Red Hat 7.9 server with 512 GB RAM.
We often have alerts about swap being full. Swap is often used 99%. Our server admin told us it is normal for linux to have swap used 100%. There is no way to check the real RAM consumption.
Ours is always around 99% on our server using SAR:
Memory & Swap
=============
kbmemfree kbmemused %memused kbbuffers kbcached kbcommit %commit kbactive kbinact kbdirty
01/11/2024 9869583 517833049 98.13 977 285023790 319073740 58.60 340613912 162678784 614843
01/12/2024 4181004 523521628 99.21 1349 287757937 323767076 59.46 346046454 162168337 1115633
01/13/2024 2567787 525134845 99.51 844 285755715 327744180 60.19 352144911 157031086 654493
01/14/2024 2827695 524874937 99.46 844 285135562 328070493 60.25 352003644 156742082 742178
01/15/2024 3482087 524220545 99.34 1838 280133083 332837943 61.13 353676271 153986907 998373
01/16/2024 2152990 525549642 99.59 839 273578756 342252974 62.86 362157756 147013751 1136099
01/17/2024 4575639 523126993 99.13 2418 271393967 340334778 62.51 355987093 150884756 1033531
01/18/2024 2205445 525497187 99.58 2413 282078831 328216144 60.28 353148916 156770066 625021
01/19/2024 9451354 518251278 98.21 1542 293648210 305176716 56.05 352495156 150264497 680464
On the web I can see that it is not normal to have high swap usage. I also noticed that after a reboot, swap is very low during several days. When a process consumes all the RAM (mistake on our side), then swap usage increases to 100%, and then never decreases, even if the corresponding process is killed. This is why servers that are on for weeks have 100% swap used.
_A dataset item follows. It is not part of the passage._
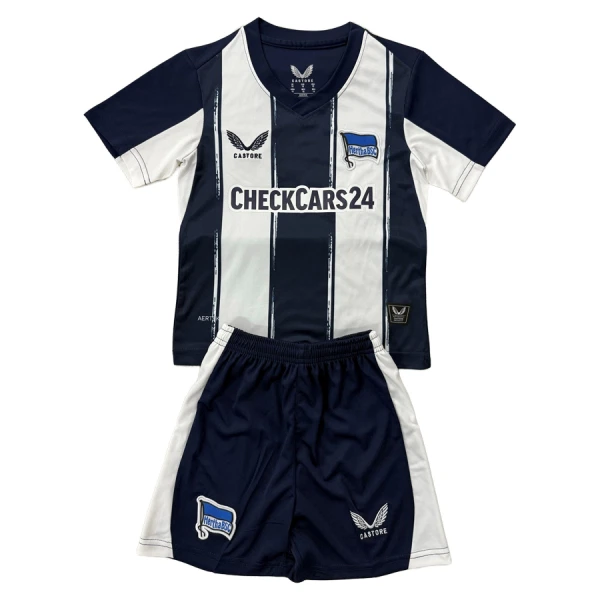 Hertha Berlin Dětský Domácí Dres 2025/26 Hertha Berlin Dětský Domácí Dres 2025/26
I was told to monitor the swap usage using sar (pswpin/s pswpout/s).
When swap usage is 100%, I could have no problem but when processes start being killed because of RAM issues, I can see high values for pswpin/s pswpout/s (sar -W).
During a week I can monitor this activity to check if I had RAM problems or not.
My problem is the following: How can I prevent the RAM problem from occurring? What can I use to check the % of RAM used (whereas it is always 99% in SAR...)? How to get the real value like in Windows OS? To be sure to kill the process that start taking all the RAM.
I would like to generate a warning when RAM usage is 80%.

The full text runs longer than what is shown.